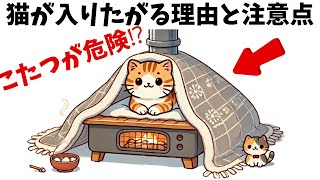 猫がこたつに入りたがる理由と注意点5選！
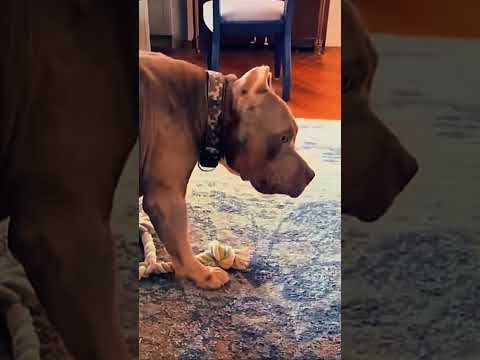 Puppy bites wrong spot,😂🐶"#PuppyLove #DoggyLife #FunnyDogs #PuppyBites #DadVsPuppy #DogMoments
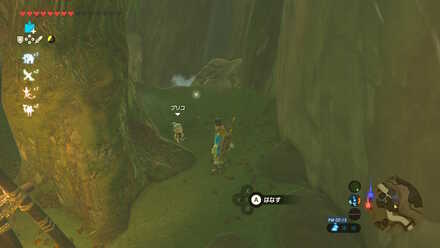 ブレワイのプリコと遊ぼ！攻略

» **What you are asked to do**
Take the data above and set it down exactly, images excluded.

» **Result**
 猫がこたつに入りたがる理由と注意点5選！
 Puppy bites wrong spot,😂🐶"#PuppyLove #DoggyLife #FunnyDogs #PuppyBites #DadVsPuppy #DogMoments
 ブレワイのプリコと遊ぼ！攻略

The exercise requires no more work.